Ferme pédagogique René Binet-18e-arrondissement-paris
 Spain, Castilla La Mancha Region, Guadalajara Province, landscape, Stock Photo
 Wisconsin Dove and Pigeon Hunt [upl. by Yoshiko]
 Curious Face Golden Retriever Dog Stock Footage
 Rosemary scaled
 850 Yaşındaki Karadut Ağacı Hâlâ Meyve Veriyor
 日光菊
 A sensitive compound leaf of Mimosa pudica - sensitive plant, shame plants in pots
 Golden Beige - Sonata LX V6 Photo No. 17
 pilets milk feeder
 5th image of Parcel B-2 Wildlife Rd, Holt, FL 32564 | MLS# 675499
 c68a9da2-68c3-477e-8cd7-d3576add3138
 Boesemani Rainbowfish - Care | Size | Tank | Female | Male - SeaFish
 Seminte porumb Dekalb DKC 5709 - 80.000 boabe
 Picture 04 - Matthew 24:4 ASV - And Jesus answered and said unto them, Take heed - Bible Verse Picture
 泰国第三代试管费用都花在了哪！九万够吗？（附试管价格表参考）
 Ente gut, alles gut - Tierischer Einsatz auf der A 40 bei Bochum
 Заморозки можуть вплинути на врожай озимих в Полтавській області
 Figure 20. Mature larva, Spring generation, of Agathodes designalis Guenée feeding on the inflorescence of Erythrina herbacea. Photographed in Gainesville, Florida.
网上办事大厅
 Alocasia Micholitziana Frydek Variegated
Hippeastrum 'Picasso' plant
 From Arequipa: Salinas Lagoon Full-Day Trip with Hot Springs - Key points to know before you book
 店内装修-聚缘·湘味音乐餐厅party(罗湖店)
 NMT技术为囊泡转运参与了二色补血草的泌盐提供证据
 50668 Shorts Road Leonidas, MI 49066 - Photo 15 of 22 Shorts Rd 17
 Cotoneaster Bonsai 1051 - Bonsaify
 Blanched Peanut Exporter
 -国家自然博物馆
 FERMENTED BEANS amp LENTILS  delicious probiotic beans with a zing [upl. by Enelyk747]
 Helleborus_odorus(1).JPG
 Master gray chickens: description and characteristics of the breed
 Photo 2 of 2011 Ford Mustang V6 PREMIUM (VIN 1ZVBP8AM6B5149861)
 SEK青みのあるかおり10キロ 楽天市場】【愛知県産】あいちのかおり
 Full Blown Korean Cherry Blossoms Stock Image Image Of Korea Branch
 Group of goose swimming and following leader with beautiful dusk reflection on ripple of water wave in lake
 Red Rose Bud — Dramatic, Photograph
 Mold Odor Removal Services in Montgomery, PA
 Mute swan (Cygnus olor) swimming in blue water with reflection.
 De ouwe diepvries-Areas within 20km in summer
============================================================
Return all lines from the data above with "plant" in them.

 A sensitive compound leaf of Mimosa pudica - sensitive plant, shame plants in pots
Hippeastrum 'Picasso' plant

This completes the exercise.